Required action> The answer should match the entries that follow exactly, except that no image appears in it.

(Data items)

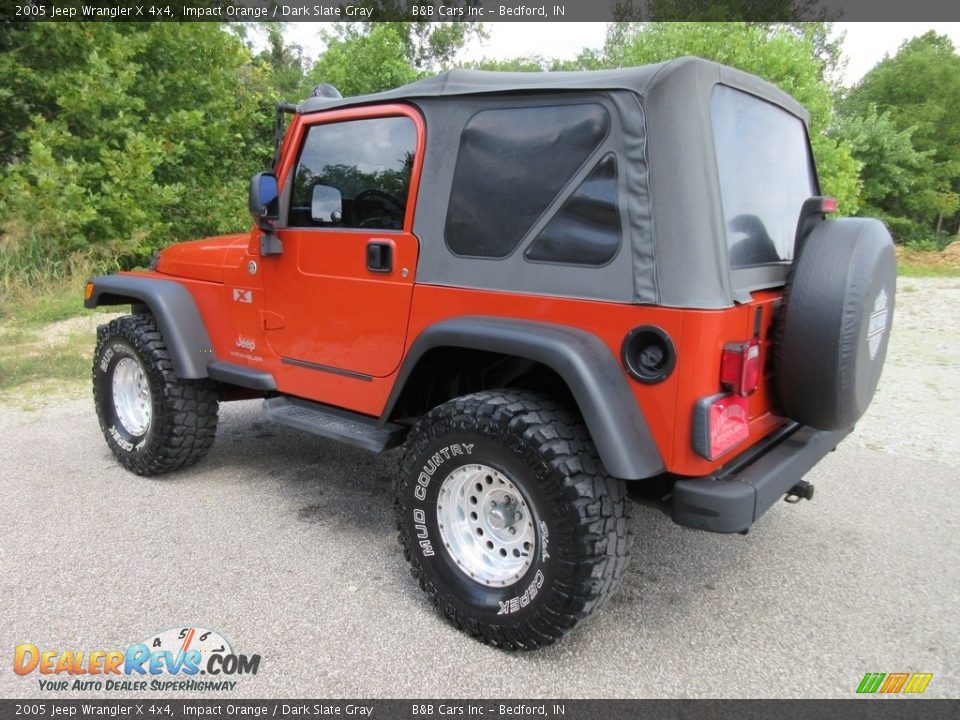 2005 Jeep Wrangler X 4x4 Impact Orange / Dark Slate Gray Photo #6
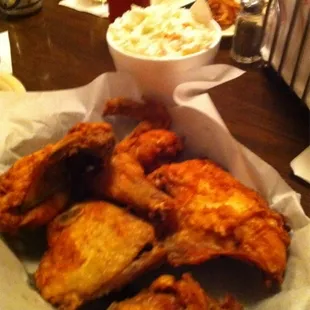 fried chicken and coleslaw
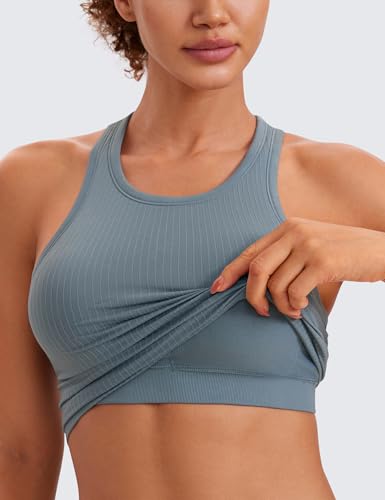 Image of CRZ YOGA Seamless Rib Racerback Crop Tank | Light Support, Removable Pads, Yoga, Ribbed, Racerback, Longline Sports Bras for Women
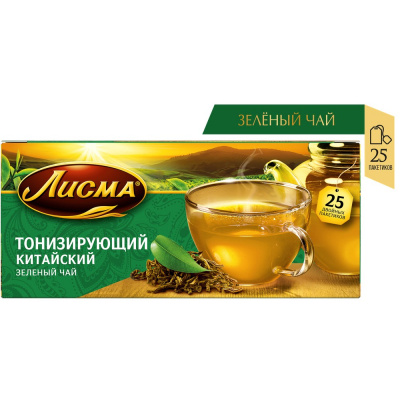 Чай Лисма зеленый тонизирующий 25пакетиков*2г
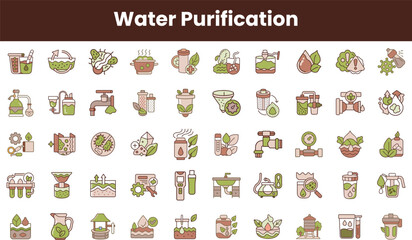 A vibrant collection of water purification icons, including filters, distillers, and purification systems, showcasing eco-friendly techniques in a modern design.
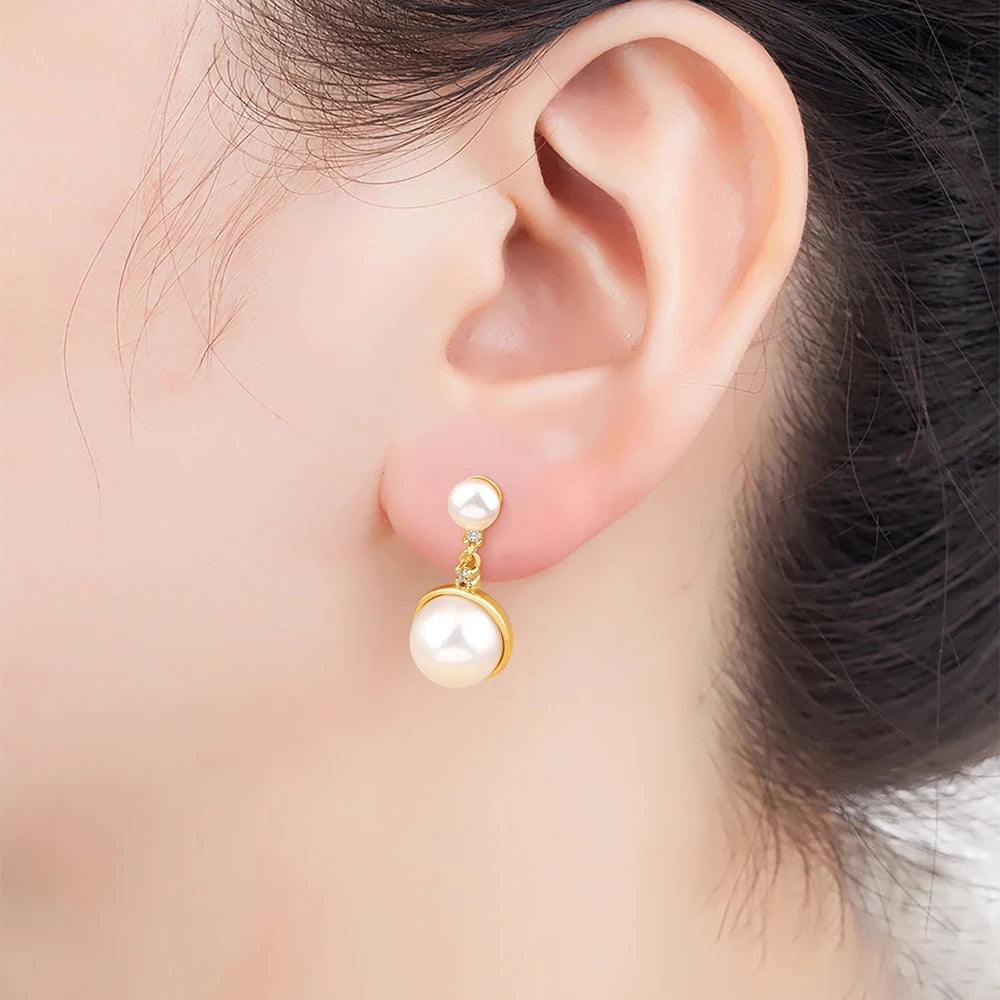Light Luxury Trendy Copper Inlaid Pearl Zircon Charm Drop Earrings Female Wedding Party Jewelry Accessories Delicate Gifts - Floq & Raman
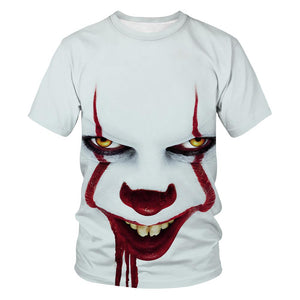 Horror Movie It Penny Wise Clown Joker 3D Print Tshirt Men/Women Hip Hop Streetwear Tee T shirt 90s Boys Cool Clothes Man Tops 5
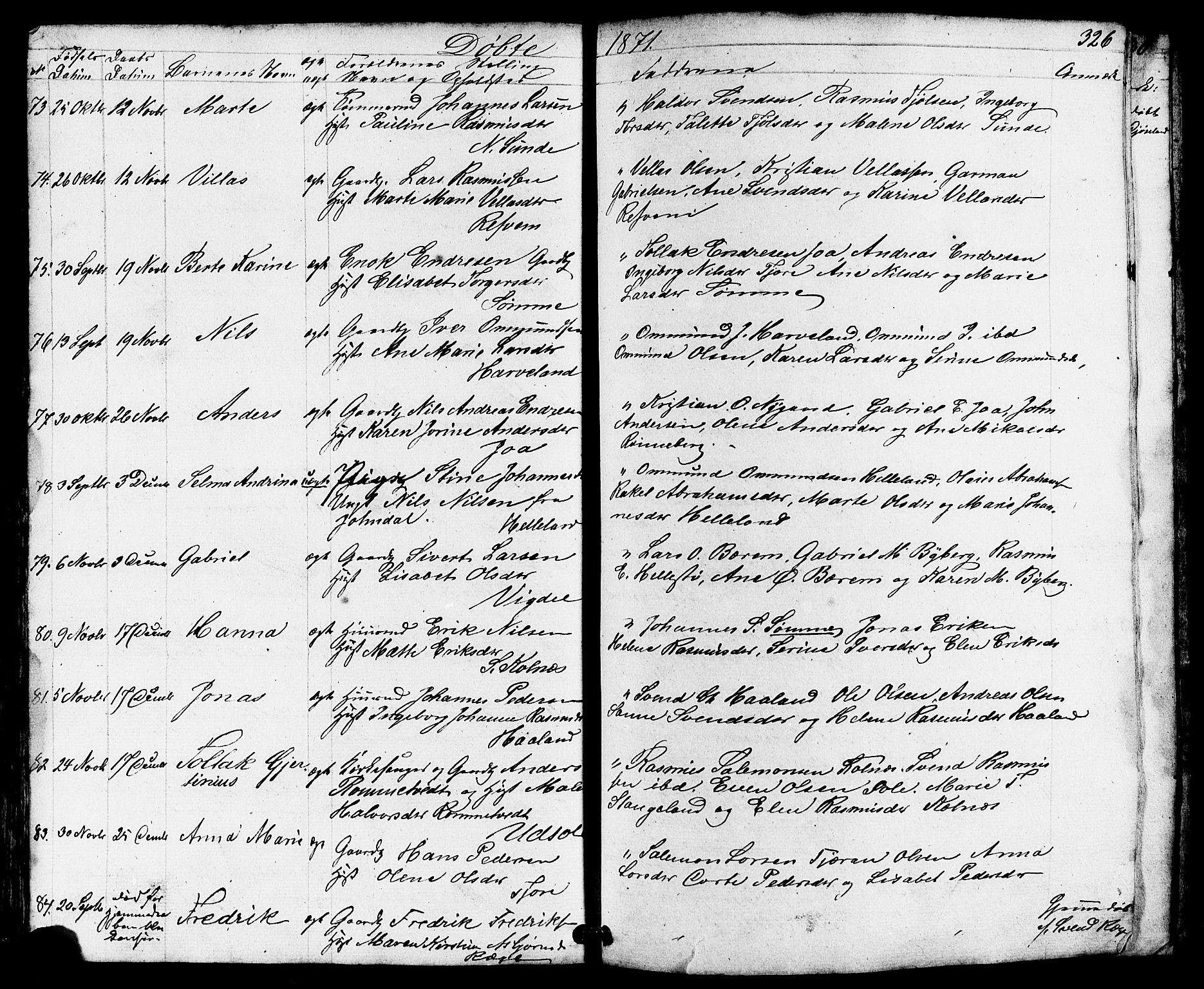 Håland sokneprestkontor, AV/SAST-A-101802/001/30BB/L0002: Parish register (copy) no. B 2, 1845-1872, p. 326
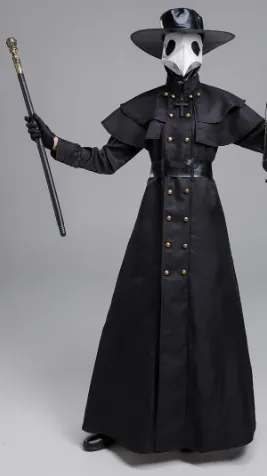 Halloween Dark Dungeon Hero Costume Crow Mouth Plague Doctor Costume - Set1-Childrens Version 110Cm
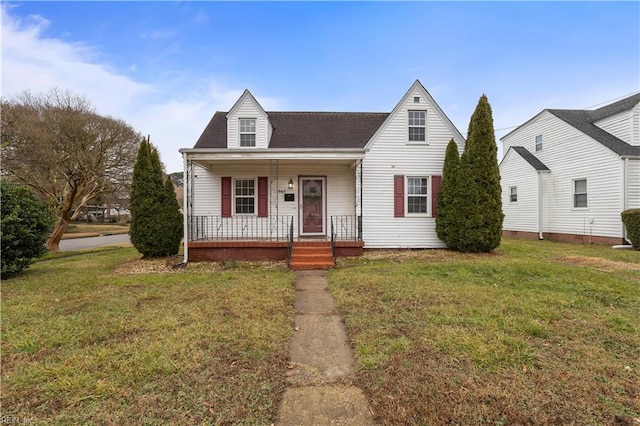 view of front of home featuring a porch and a front yard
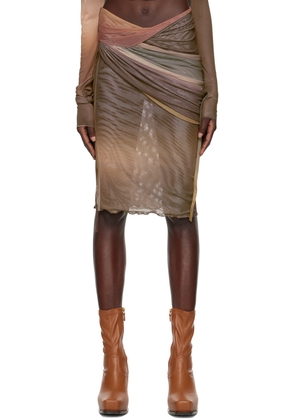 Jade Cropper Brown Draped Midi Skirt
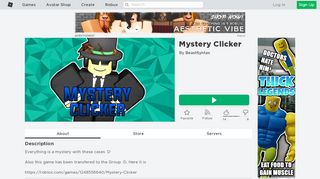 
                            4. Mystery Clicker™ - Roblox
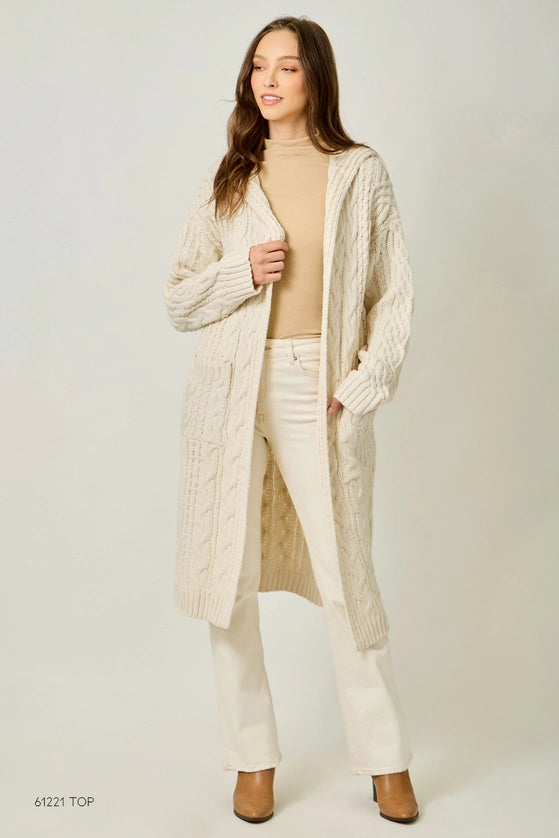 Open Long Hooded Cardigan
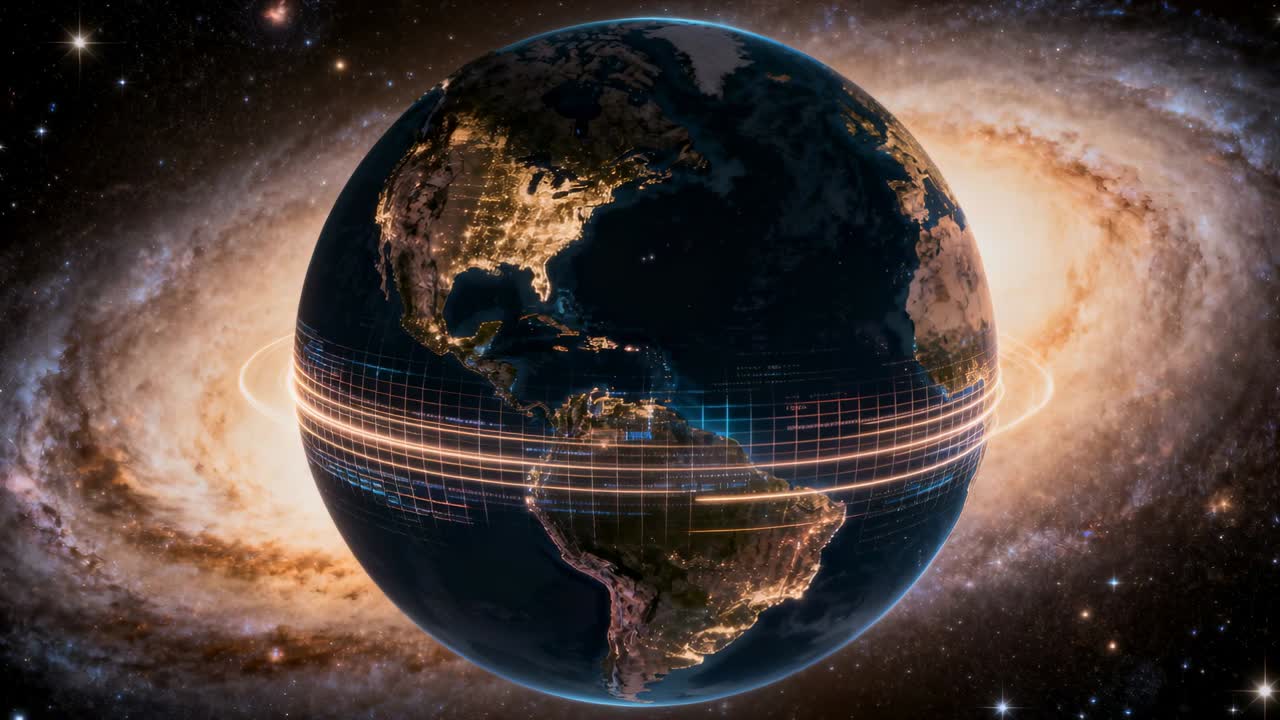 Sequenza di avvio, la Terra mostra le luci notturne delle Americhe, formando fasce e una griglia nello spazio con una galassia.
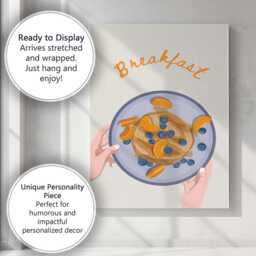 Fresh Citrus Blueberry Pancake Breakfast Illustration Canvas Wall Art Print Decor Picture Ready To Hang - thumbnail 3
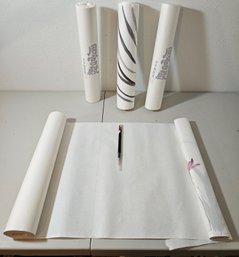 Japanese Art Rice Paper And Calligraphy Brush
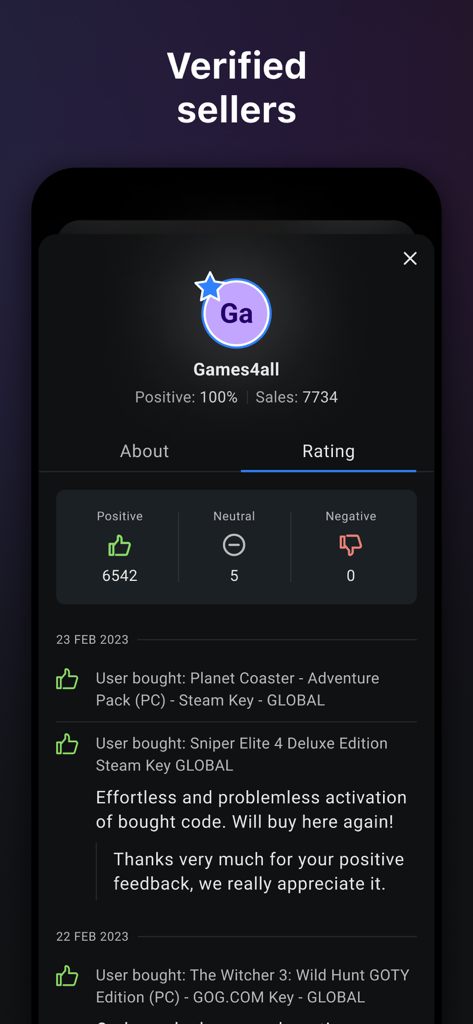 G2A - G2A app interface displaying a verified seller profile with positive user ratings and transaction feedback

Answer for the task>
 2005 Jeep Wrangler X 4x4 Impact Orange / Dark Slate Gray Photo #6
 fried chicken and coleslaw
 Image of CRZ YOGA Seamless Rib Racerback Crop Tank | Light Support, Removable Pads, Yoga, Ribbed, Racerback, Longline Sports Bras for Women
 Чай Лисма зеленый тонизирующий 25пакетиков*2г
 A vibrant collection of water purification icons, including filters, distillers, and purification systems, showcasing eco-friendly techniques in a modern design.
Light Luxury Trendy Copper Inlaid Pearl Zircon Charm Drop Earrings Female Wedding Party Jewelry Accessories Delicate Gifts - Floq & Raman
 Horror Movie It Penny Wise Clown Joker 3D Print Tshirt Men/Women Hip Hop Streetwear Tee T shirt 90s Boys Cool Clothes Man Tops 5
 Håland sokneprestkontor, AV/SAST-A-101802/001/30BB/L0002: Parish register (copy) no. B 2, 1845-1872, p. 326
 Halloween Dark Dungeon Hero Costume Crow Mouth Plague Doctor Costume - Set1-Childrens Version 110Cm
 view of front of home featuring a porch and a front yard
 Jade Cropper Brown Draped Midi Skirt
                            4. Mystery Clicker™ - Roblox
 Open Long Hooded Cardigan
 Sequenza di avvio, la Terra mostra le luci notturne delle Americhe, formando fasce e una griglia nello spazio con una galassia.
 Fresh Citrus Blueberry Pancake Breakfast Illustration Canvas Wall Art Print Decor Picture Ready To Hang - thumbnail 3
 Japanese Art Rice Paper And Calligraphy Brush
 G2A - G2A app interface displaying a verified seller profile with positive user ratings and transaction feedback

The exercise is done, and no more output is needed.